Eric Micallef, Taylor Nelms, John Marcao
We propose a project to implement, in parallel, the AES encryption algorithm across the GPU using the CUDA framework. There are variants of encryption algorithms that can be implemented in a very data-parallel manner, and we hope to increase performance over CPU implementations by leveraging the parallel-processing power of a GPU engine.
For AES, there are two block-cipher modes that are potentially parallelizable: ECB and CTR. Other modes use data-dependent block cipher modes that would require serialization of execution, which would limit performance capabilities. We hope to explore in-depth a variety of methods discussed in class for achieving peak GPU performance, with regards to memory access, block configuration, and scheduling strategies.

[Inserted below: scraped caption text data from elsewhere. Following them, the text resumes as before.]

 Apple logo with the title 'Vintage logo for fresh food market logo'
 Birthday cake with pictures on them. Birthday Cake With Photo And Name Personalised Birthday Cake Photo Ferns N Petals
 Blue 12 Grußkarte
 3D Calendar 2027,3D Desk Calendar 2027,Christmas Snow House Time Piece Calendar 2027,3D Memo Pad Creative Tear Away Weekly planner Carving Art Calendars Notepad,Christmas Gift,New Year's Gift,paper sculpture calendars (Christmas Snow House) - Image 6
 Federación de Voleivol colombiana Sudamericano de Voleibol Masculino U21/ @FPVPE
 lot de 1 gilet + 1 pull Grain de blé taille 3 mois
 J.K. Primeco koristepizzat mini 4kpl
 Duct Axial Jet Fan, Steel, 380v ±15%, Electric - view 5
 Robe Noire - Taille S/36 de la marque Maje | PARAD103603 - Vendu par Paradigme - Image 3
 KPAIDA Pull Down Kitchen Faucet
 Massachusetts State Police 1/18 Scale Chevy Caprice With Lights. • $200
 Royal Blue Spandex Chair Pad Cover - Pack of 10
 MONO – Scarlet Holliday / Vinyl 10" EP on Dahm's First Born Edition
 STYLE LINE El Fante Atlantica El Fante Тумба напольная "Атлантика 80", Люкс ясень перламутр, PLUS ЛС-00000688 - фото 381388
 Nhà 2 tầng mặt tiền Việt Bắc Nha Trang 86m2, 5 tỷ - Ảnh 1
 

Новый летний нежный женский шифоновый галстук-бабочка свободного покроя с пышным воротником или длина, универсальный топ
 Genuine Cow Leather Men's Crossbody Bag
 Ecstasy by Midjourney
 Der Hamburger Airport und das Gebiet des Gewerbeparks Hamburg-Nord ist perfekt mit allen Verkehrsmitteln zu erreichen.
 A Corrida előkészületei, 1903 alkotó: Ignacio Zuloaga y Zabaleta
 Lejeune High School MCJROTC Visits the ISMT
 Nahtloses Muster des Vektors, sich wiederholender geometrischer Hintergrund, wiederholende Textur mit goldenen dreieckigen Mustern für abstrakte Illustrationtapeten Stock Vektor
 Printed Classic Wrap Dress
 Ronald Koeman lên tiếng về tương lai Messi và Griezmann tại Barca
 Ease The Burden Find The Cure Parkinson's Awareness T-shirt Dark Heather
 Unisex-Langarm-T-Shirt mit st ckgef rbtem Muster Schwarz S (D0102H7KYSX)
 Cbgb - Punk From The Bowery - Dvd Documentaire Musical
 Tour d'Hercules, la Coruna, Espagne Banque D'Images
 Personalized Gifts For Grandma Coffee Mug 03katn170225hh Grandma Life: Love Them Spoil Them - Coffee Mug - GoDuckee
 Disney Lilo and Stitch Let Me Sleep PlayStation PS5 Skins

Note: this is an individual project.
- Baseline CPU implementation of AES algorithm for benchmarking purposes (see notes about External Libraries)
- Parallel implementation of AES ECB mode (encryption and decryption)
- Parallel implementation of AES CTR mode (encryption and decryption)
- Runtime configurability of AES strength (support for 128, 192, and 256-bit key sizes)
- Runtime configurability of performance parameters (required for Analysis)
- Any additional features to improve efficiency or performance
- Analysis of performance with regards to block size and thread configuration
- Analysis of performance with different approaches to data storage locations, for values consistent across threads (likely, used for expanded keys and various lookup tables), including:
- Passing data as kernel arguments
- Pulling data from global memory
- Pulling data from global constant memory
- Reading data into shared memory
- Resource usage analysis for all of the above
- Analysis of performance effects of different data structuring methods (ex. using uchar4 structs for storage/processing rather than byte arrays to make use of CUDA mixed-precision programming)
- support for command line argument file i/o
We will allow ourselves use of an existing CPU library implementation of AES as a baseline (https://github.com/kokke/tiny-AES-c). Additionally, we would like to use Thrust functions, where sensible, when manipulating data on the GPU. No other third-party support should be necessary; all other primitive operations should be achievable directly via CUDA and host functions.
Instructor Note (Ziad)
- “The provided CPU implementation seems to provide A LOT of code so we'd like you to limit the amount of straight copying from that repo. Please make this implementation as original as possible. We will be checking this programmatically.”
Instructor Note (Shehzan)
- “I agree with Ziad. I think the mixed precision would be useful.
- Additionally, the compile time options for strength and performance options are not a good idea and you should use runtime options. Using compile time options kill the usability of the code you are writing. You don't need to make it production quality, but you can use a library to parse the arguments (I found https://github.com/jarro2783/cxxopts, more https://attractivechaos.wordpress.com/2018/08/31/a-survey-of-argument-parsing-libraries-in-c-c/).
- Limit the use of thrust to algorithms that either mundane or too complex, for example sort (which could be complicated), or stream compaction (because you already know it).
- If you still have reservations about mixed precision, let me know.”